Barbara Atwood, professor of law emerita with the University of Arizona James E. Rogers College of Law, said the justices may see a point there.
“I think the legal argument that might be persuasive to them is that the Court of Appeals was too creative in its effort to harmonize these laws,” Atwood said.
Republican Senate President Warren Peterson and House Majority Leader Ben Toma “have filed their own amicus brief arguing the Legislature’s intent was to leave in place the more restrictive abortion law,” Katherine Davis-Young reported. The brief’s introduction nicely summarizes the argument. (Internal citations omitted):
This case pivots on two uncontested propositions of law.
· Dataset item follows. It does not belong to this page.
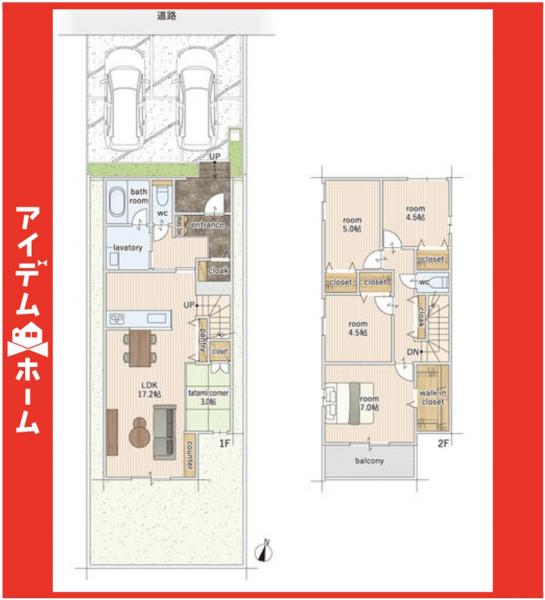新築一戸建て 名古屋市瑞穂区白砂町２丁目24番5 名古屋市名城線瑞穂運動場東駅 4,890万円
First, in determining whether and under what circumstances abortions may be lawfully performed in Arizona, the judiciary must “give effect to legislative intent.” Second, the Legislature not only has never repealed [the 1864 law]—which for more than a century has prohibited any “person” from providing an abortion at any stage of pregnancy “unless it is necessary to save [the mother’s] life”—but explicitly disclaimed any intention of doing so.
The Court of Appeals and the Respondents maintain rhetorical fidelity to these premises, but their interpretive exertions deliver precisely the result they purportedly foreswear: an implied repeal of [the 1864 law] by an archipelago of provisions scattered throughout Title 36.